Die kritische Bearbeitung und Analyse dieser Fragmente und Doxographien ist insbesonders deshalb von großer Bedeutung, weil die überlieferten Quellen der uns erhaltenen Kommentatorentradition zum Nyāyasūtra oft nur indirekt die entscheidenden Entwicklungen des Systems dokumentieren. Grund­legende Gedanken der Schule sind oft mit jenen Autoren verbunden, die uns nicht er­halten sind, wobei besondere Bedeutung auch den in verschiedensten Werken der Geg­ner des Systems überlieferten Zitaten zukommt. So zitiert etwa Dharmakīrti (600–660) in den polemischen Teilen seines Vādanyāya hauptsächlich Autoren, die nicht aus dem überlieferten Kommentatorenkorpus der Nyāya-Literatur stammen, ebenso wie dies sein Kommentator Śāntarakşita tut. Wenn darüber hinaus Jayantabhaţţa als Vertreter des Nyāya im neunten Jahrhundert zwei Traditionslinien als wesentliche Quellen seiner Arbeit benutzt, die sich nicht direkt auf die beiden Werke der überlieferten Kommentatoren Pakṣilasvāmin und Uddyotakara zurückführen lassen, so kann man die Bedeutung der verlorenen Autoren für das Verständnis der Geschichte der philosophischen Entwicklung des Nyāya vor Jayanta erkennen.
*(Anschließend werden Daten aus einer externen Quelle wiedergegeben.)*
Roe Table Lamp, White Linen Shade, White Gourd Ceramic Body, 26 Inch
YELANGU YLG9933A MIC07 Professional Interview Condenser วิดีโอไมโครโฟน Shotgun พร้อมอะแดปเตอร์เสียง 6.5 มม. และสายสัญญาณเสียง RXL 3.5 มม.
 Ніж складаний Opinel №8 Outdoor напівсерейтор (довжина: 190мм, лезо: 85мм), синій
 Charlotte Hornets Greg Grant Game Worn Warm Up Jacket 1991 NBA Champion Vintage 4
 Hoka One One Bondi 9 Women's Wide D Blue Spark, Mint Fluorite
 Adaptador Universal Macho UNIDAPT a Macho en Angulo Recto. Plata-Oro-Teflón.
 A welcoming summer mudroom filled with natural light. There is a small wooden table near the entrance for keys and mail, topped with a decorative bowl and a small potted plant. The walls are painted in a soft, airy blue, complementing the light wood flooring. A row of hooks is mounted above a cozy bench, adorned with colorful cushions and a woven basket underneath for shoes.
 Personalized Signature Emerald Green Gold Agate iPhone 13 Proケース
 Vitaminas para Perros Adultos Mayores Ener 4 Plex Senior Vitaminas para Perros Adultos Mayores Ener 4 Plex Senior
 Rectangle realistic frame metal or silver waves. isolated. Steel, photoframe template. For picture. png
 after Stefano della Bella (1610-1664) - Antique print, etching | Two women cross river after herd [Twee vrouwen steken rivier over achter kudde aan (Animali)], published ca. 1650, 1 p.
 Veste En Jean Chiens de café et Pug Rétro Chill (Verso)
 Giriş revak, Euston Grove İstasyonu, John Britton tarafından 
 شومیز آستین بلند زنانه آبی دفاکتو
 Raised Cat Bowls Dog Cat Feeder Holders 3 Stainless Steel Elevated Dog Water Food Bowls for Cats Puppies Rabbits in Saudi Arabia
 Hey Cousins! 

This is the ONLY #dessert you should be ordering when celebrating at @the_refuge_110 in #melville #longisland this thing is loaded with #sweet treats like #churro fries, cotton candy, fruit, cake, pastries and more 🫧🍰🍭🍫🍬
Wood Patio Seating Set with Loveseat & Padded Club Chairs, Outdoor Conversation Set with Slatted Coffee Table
Vorrangiges Anliegen des Projektes ist daher ein erster Versuch eine umfassende Sammlung und Analyse der Fragmente des Nyāya vor Dharmakīrti zu erstellen (die reine Sammlung soll sich auch auf die Fragmente nach Dharmakīrti erstrecken). Ziel des Projektes ist der Versuch, durch die umfassende Darstellung der Fragmente und Doxographien der Schule, einen wesentlichen Beitrag zur Geschichte des älteren Nyāya und damit zur indischen Philosophiegeschichte als solche zu leisten. Darüber hinaus könnte eine derartige Sammlung des fragmentarischen Materials auch allgemeine Fragen der Chronologie nicht nur des Nyāya, sondern auch jener Autoren anderer Traditionen liefern, die sich mit diesem Gedankengut auseinandergesetzt haben.